Le nazisme et l’Antiquité est bien écrit, didactique, avec des résumés en fin de chapitre… et de temps une petite pointe d’humour sur laquelle on se précipite comme sur une bouffée d’oxygène au milieu d’une atmosphère empoisonnée.


Le malaise vient en partie de là, d’ailleurs : cette langue limpide est mise au service de la redécouverte d’articles universitaires nazis, de brochures SS ou de propos de table d’Hitler, et tout cela est un catalogue d’énormités et d’horreurs.

Notez que limpide ou pas, Le nazisme et l’Antiquité n’est pas de la vulgarisation. Sous la torture, je suis capable de déchiffrer un peu de latin, mais les longues citations en allemand et les mots grecs qui se pointent soudain au milieu d’une phrase sont au-delà de mes compétences. Par moments, il faut s’accrocher, avoir un dictionnaire sous la main, ou accepter de faire des impasses.


Qu’en conclure ?


Déjà, que je suis édifié sur le sujet et au-delà.

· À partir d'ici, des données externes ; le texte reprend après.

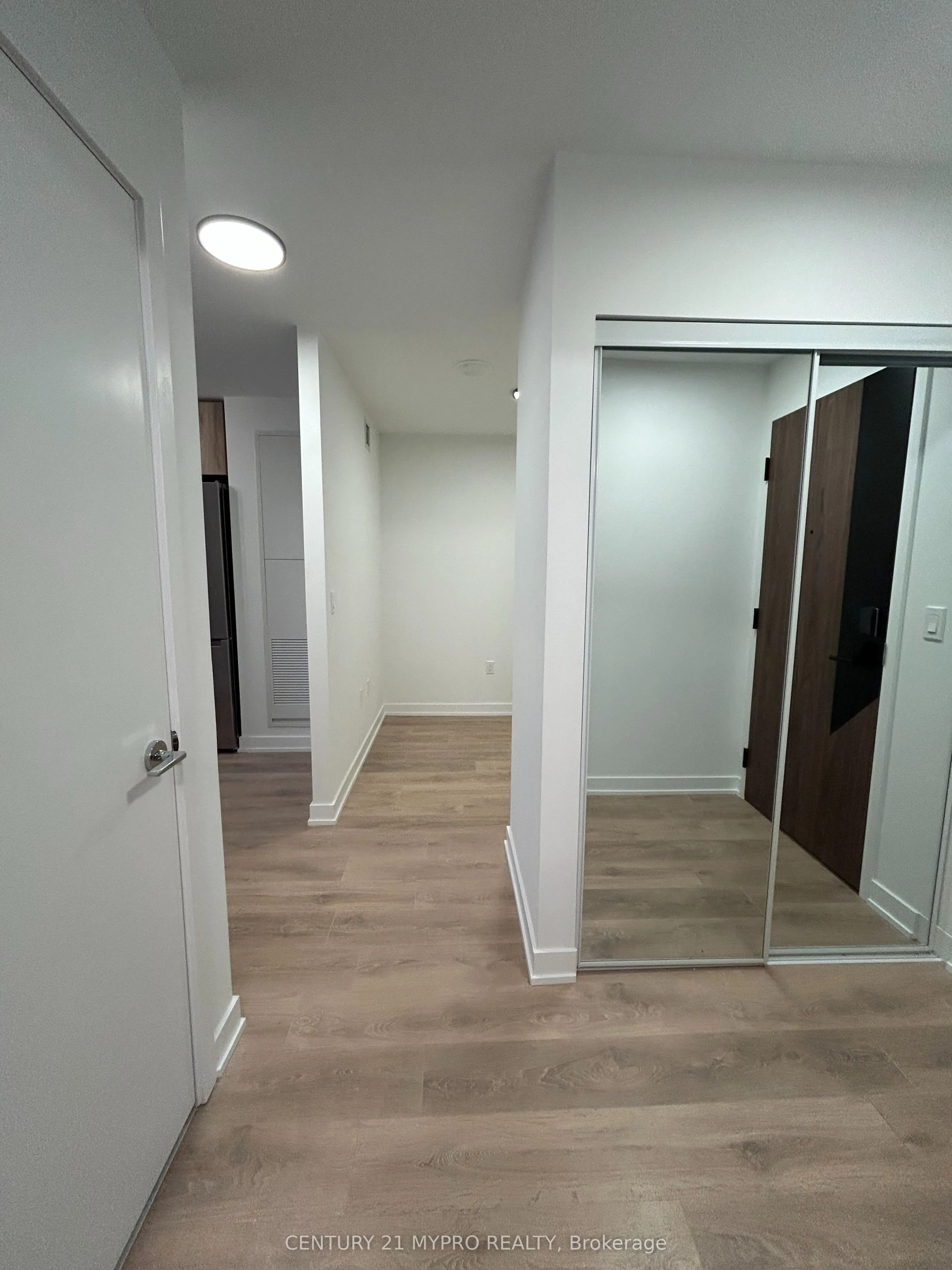 1037 The Queensway, #517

Ensuite, qu’on a toujours tort de négliger l’arrière-plan culturel. Tout ce que le IIIe Reich a pensé et réalisé au cours de sa brève existence procède d’idées préexistantes, de notions qui « étaient dans l’air » de l’Allemagne et de l’Autriche bien avant 1900. Leur expression n’était pas inévitable, et même pas certaine, mais les circonstances ont amené au pouvoir des gens désireux de leur donner des formes concrètes. Barbarossa est le point de départ d’une guerre d’agression contre l’URSS, mais aussi, dans certaines cervelles, une réédition des guerres puniques, ou le dernier chapitre d’une lutte raciale titanesque qui dure depuis deux mille cinq cents ans.

Enfin, que j’ai besoin d’un truc léger pour me changer les idées – revoir Massacre à la tronçonneuse ou lire un bouquin sur Jack l’Éventreur, par exemple.


(PUF/Quadrige, 18 €)




[1] Et Rahan, même s’il est un peu trop baba cool pour être un « indo-germain » présentable.
[2] Située quelque part au nord de l’Allemagne, et oui, les SS ont fait des fouilles sur plusieurs sites sans la trouver.
[3] J’ai toujours pensé que 300 était le meilleur film nazi réalisé depuis 1945, ce livre a amplement confirmé cette intuition.
[4] Sujet de réflexion : quelle est la différence entre un symbole et un rituel occulte ? Vous avez deux heures.

Commentaires

  1. Abordant un peu le même sujet, mais de facon plus abordable, je suggère Le problème Spinoza, d'Irvin Yalom.